» **Data provided**:
· · · ·

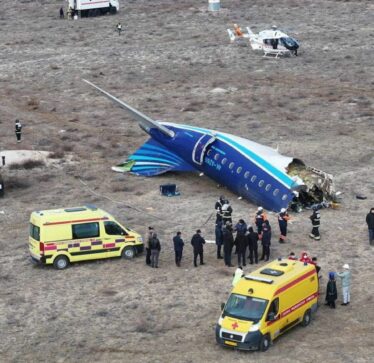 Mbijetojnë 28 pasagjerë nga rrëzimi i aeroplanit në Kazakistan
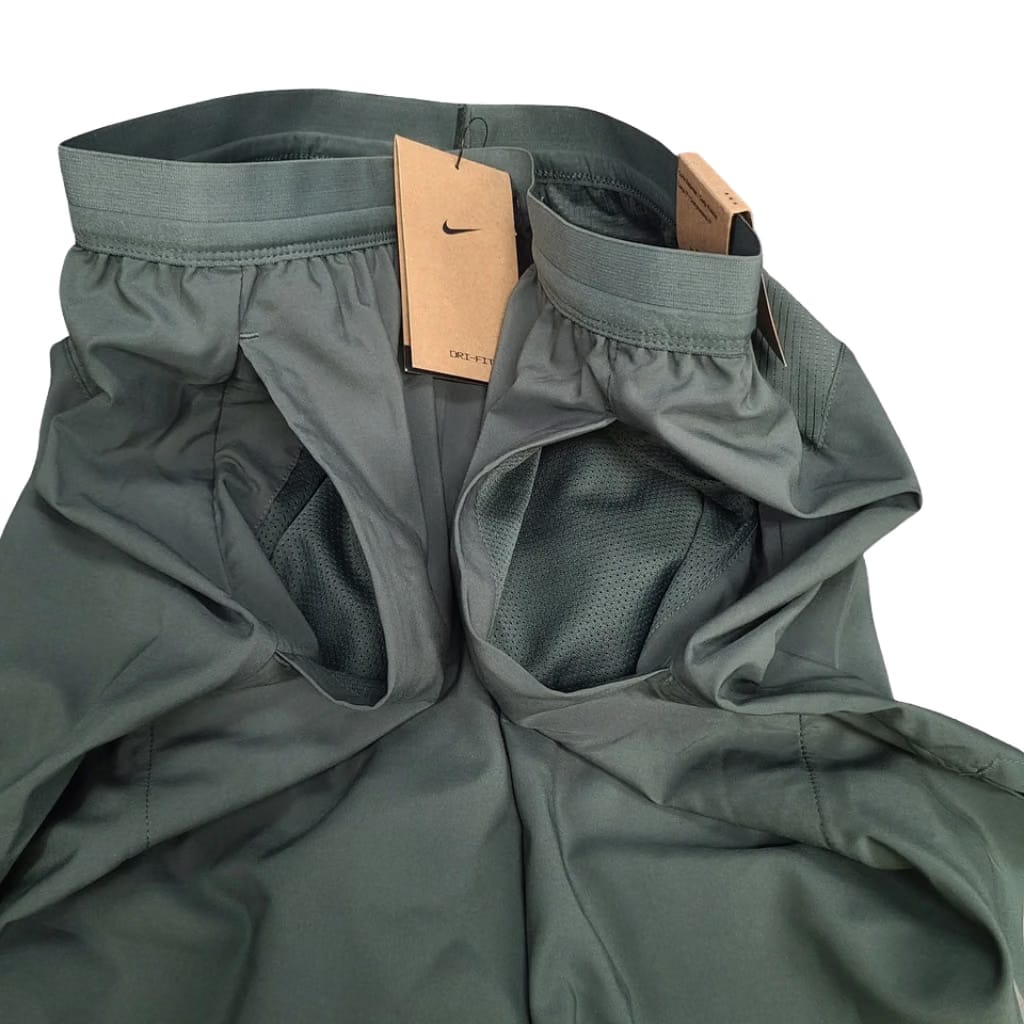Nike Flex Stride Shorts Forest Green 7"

· · · ·

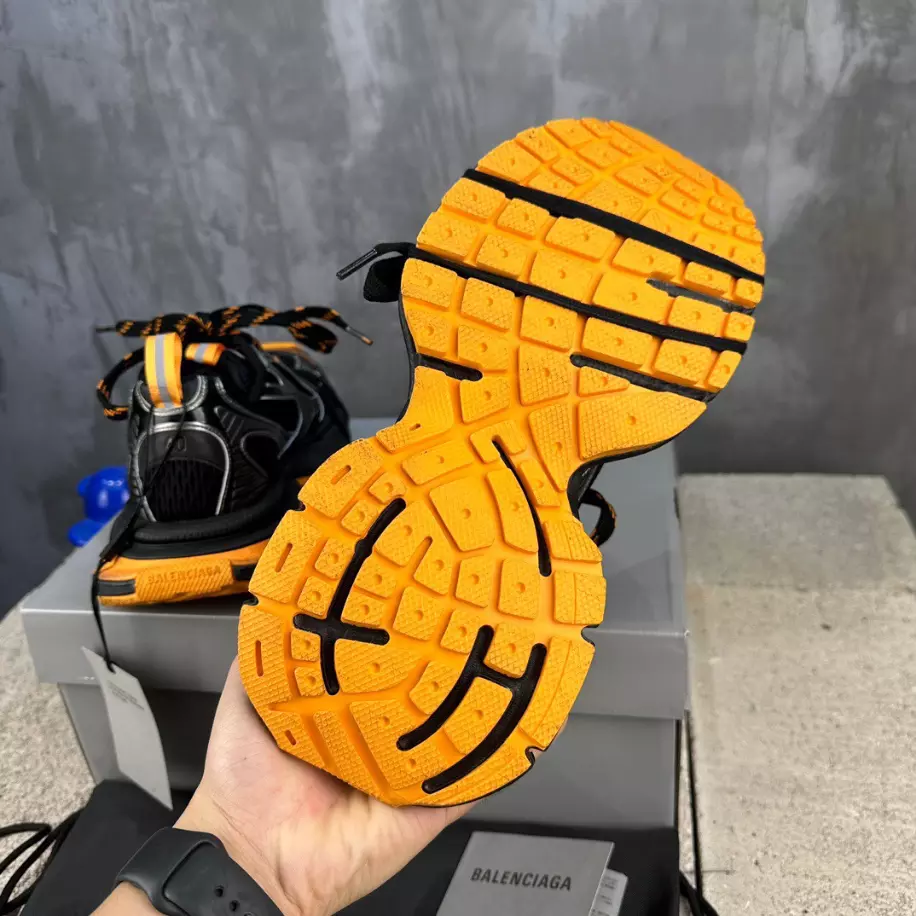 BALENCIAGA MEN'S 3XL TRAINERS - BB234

· · · ·

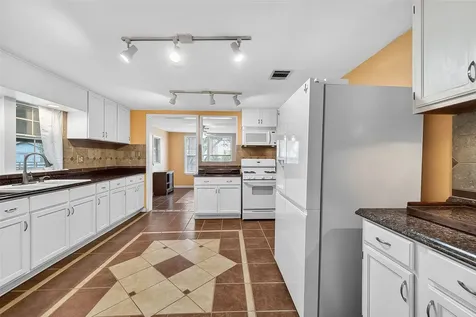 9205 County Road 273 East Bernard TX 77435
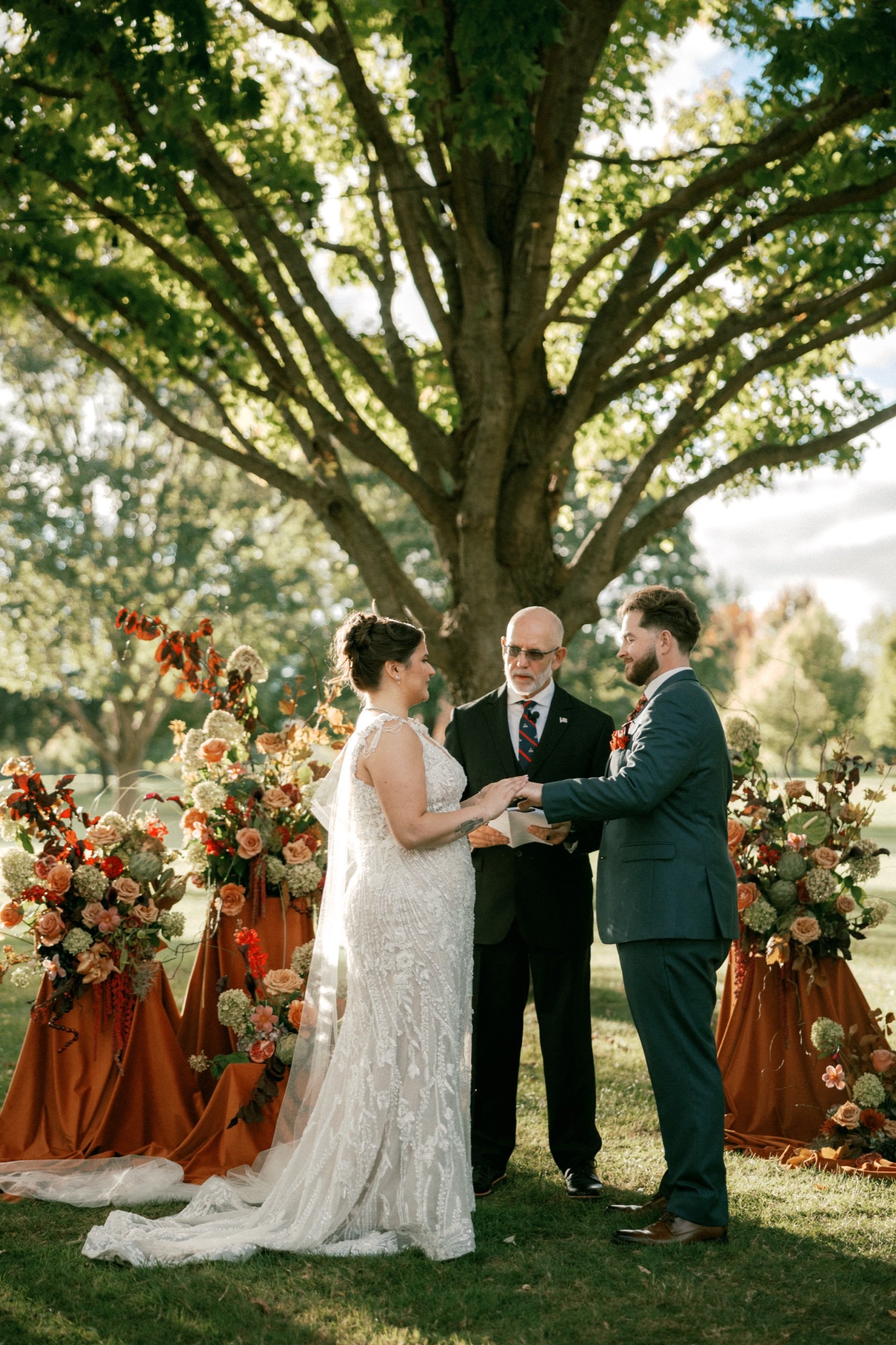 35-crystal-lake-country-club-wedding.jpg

· · · ·

» **Directions**:
Go back to the lines above and output, exactly as they stand, the ones from the line containing "Mbijetojnë 28 pasagjerë" to the line containing "Nike Flex Stride". Leave all pictures behind.

» **Expected answer**:
 Mbijetojnë 28 pasagjerë nga rrëzimi i aeroplanit në Kazakistan
Nike Flex Stride Shorts Forest Green 7"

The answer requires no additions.